In a conference call with reporters ahead of the president’s trip, House Democrats predicted Mr. Obama’s efforts will fail.
Rep. Rosa DeLauro, New York Democrat, said it was “a bit odd for the president to push for TPP in Japan when he has not gotten fast-track negotiating authority from the Congress.”
Rep. Louise Slaughter, New York Democrat, went further, saying the White House “basically knows this is over.”
White House national security adviser Susan E. Rice wouldn’t say that Mr. Obama will clinch the trade deal during the trip, but she said the administration is getting close to a final agreement.
“We expect very much that the president’s travels and our continued work in the coming weeks and months on TPP will continue to yield progress,” she said. “And we expect that as a result of that we will be able to conclude an agreement.”
Mr. Obama will meet in Tokyo with Prime Minister Shinzo Abe, who is seeking a more robust role for Japan’s armed forces as tensions with China are rising.
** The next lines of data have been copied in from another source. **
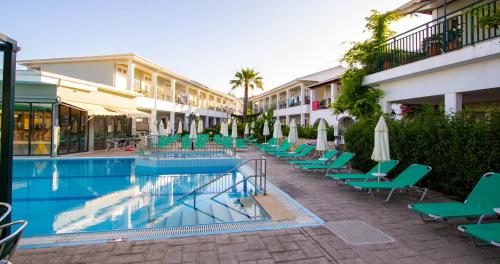 a hotel with a pool with chairs and umbrellas at Sofia's Hotel in Kalamaki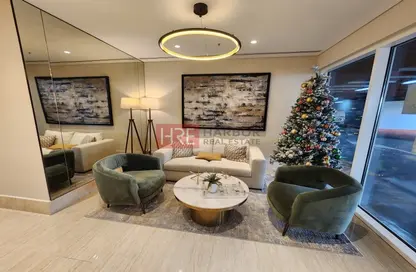 Living Room image for: Apartment - 1 Bathroom for sale in Viridis D - Viridis Residence and Hotel Apartments - Damac Hills 2 - Dubai, Image 1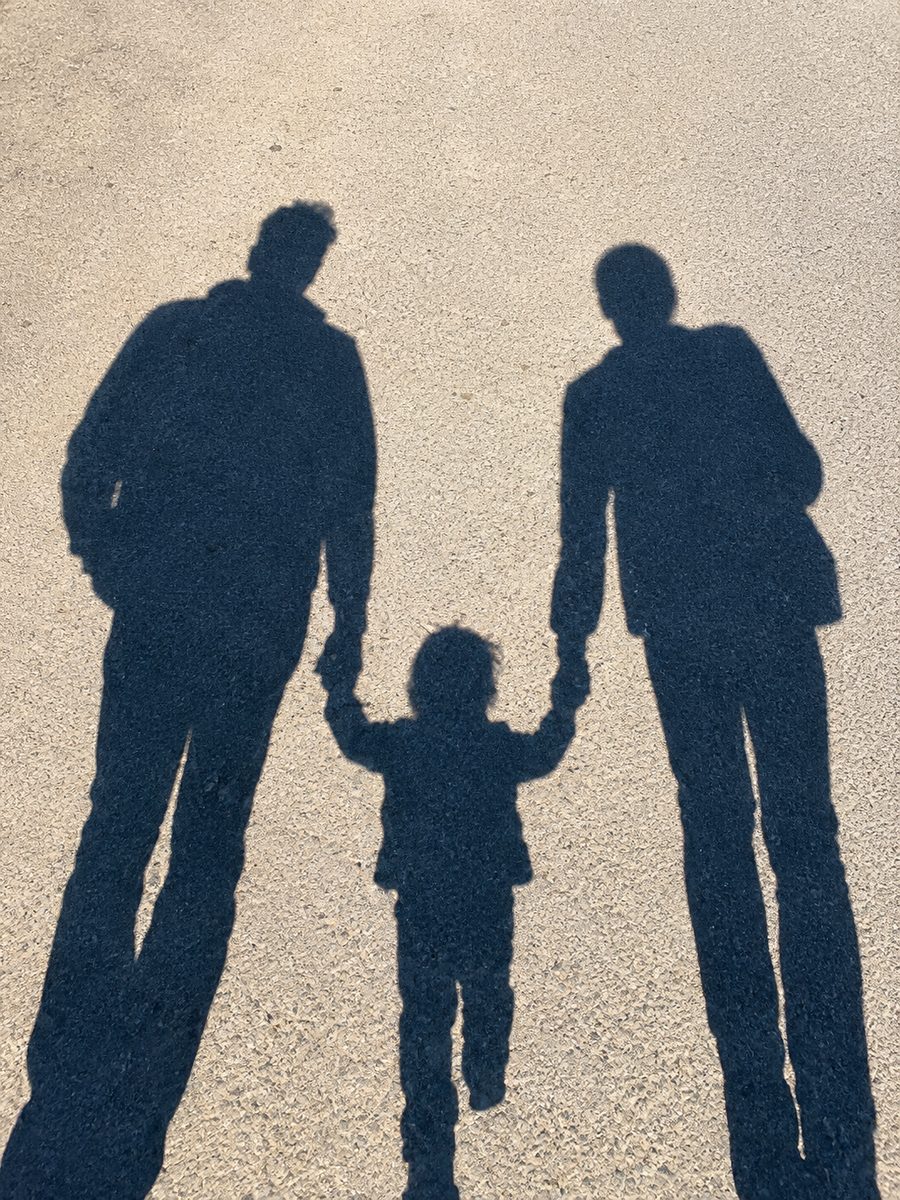 Ombres de deux adultes marchant sur le sable en tenant par la main un jeune enfant placé entre eux.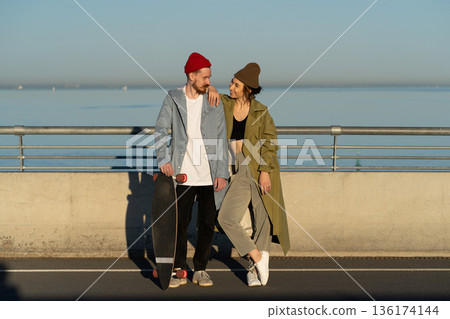 Happy couple of lovers hipsters with longboard on bridge in sunshine smiling wearing stylish clothes Happy couple of lovers hipsters with longboard on bridge in sunshine smiling wearing stylish clothes 136174144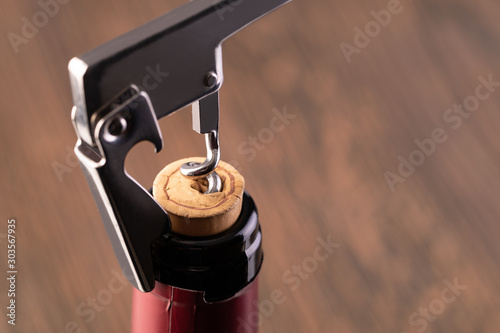 Corkscrew and bottle of wine
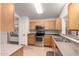 Well-equipped kitchen with stainless steel appliances and wood cabinetry at 15460 W Mescal W St, Surprise, AZ 85379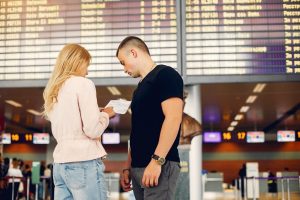 Beautiful couple standing in a airport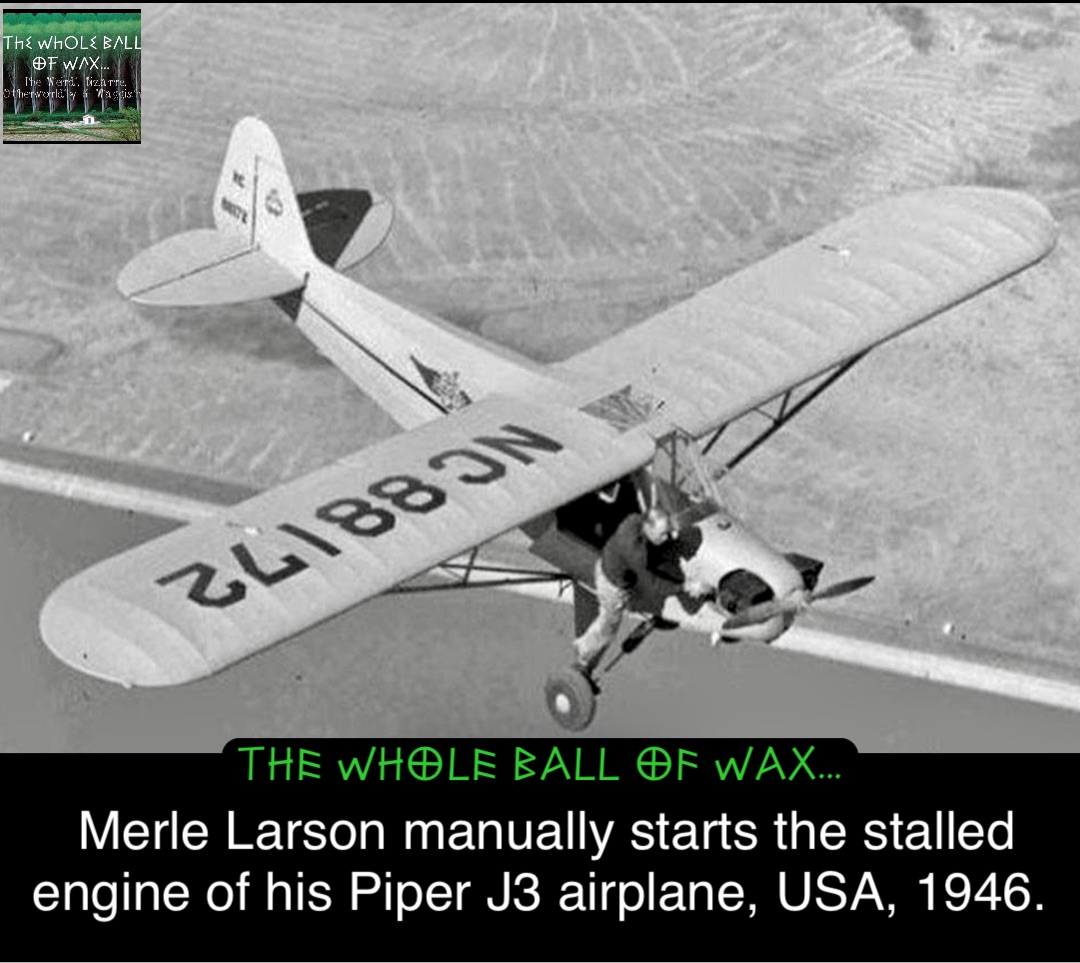 Double tap to edit Merle Larson manually starts the stalled engine of his Piper J3 airplane, USA, 1946.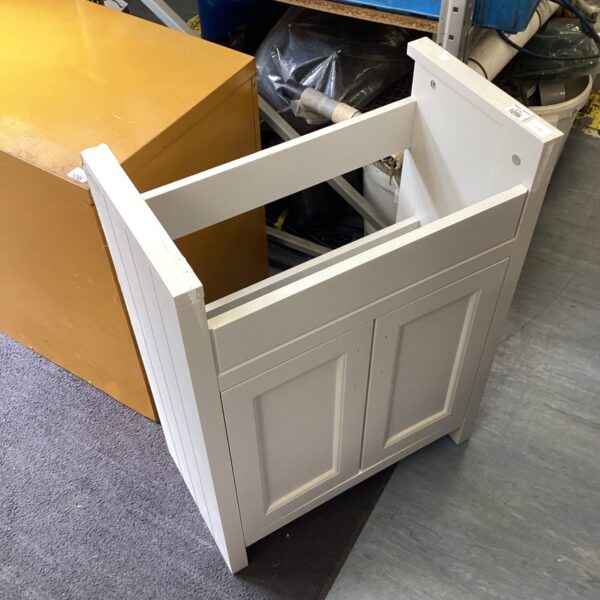 White cloakroom vanity unit for small bathroom storage.
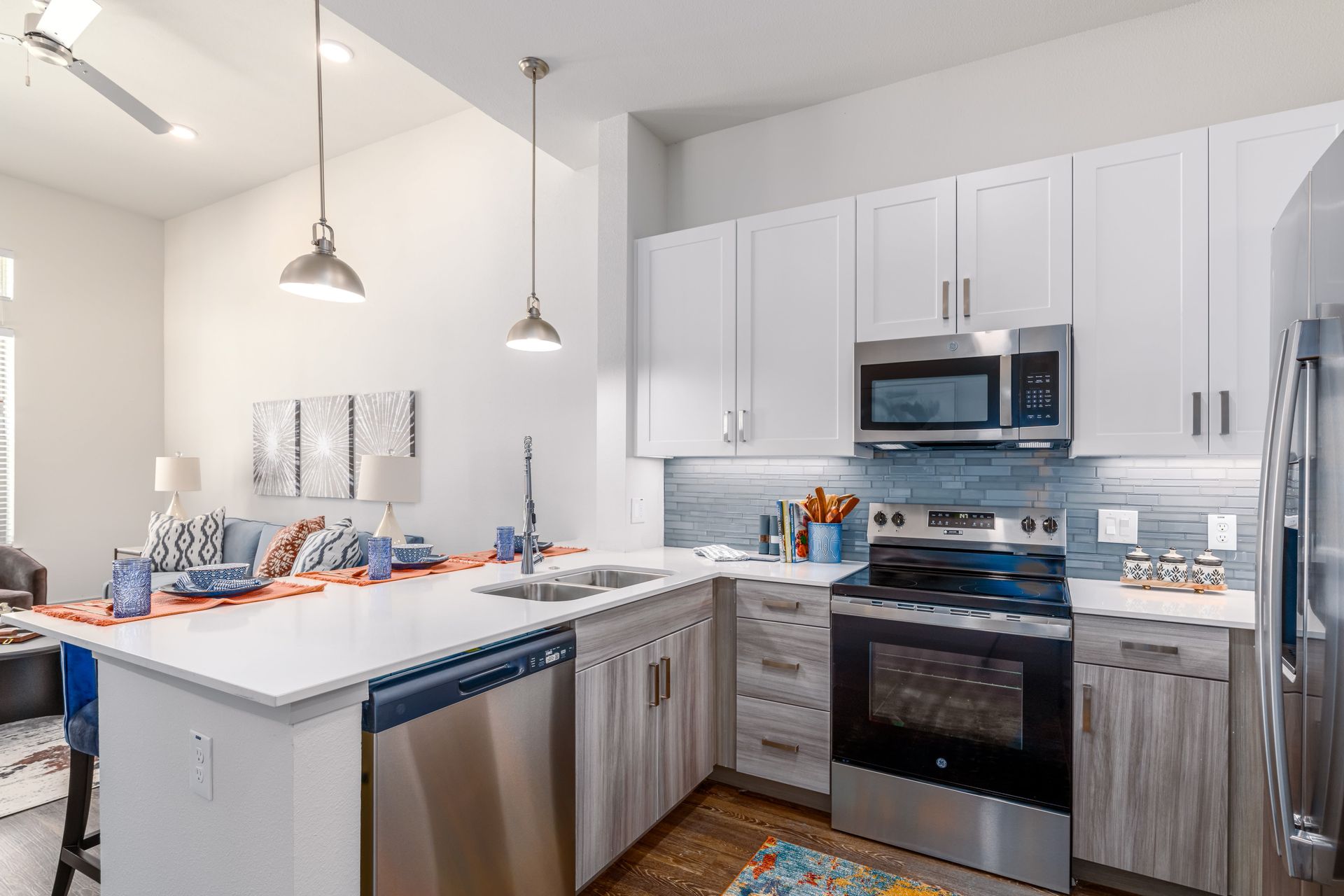 Bright modern kitchen with white cabinets, stainless appliances, and a white island with orange accents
The president then will travel to South Korea to renew assurances with President Park Geun-hye about the U.S. alliance in the face of North Korea’s nuclear belligerence.
His arrival in South Korea also will come as Mrs. Park’s government is still grappling with one of the nation’s worst peacetime disasters, the sinking of a passenger ferry mostly filled with high-school students. Nearly 90 people were confirmed dead and more than 200 others were still missing Monday evening.
Mr. Obama’s visit to Malaysia will be the first there by a U.S. president since Lyndon Johnson. On Sunday, Mr. Obama will make a cultural visit to the National Mosque in Kuala Lumpur, followed by a meeting with Prime Minister Najib Razak and a town-hall meeting with young people from Asia at University of Malaya.
The president will wrap up his trip with a visit on Monday and Tuesday to the Philippines, where he will meet with President Benigno Aquino III. While there, he’ll speak with U.S. and Filipino service members and lay a wreath at the American Cemetery where more than 17,000 U.S. troops from World War II are buried.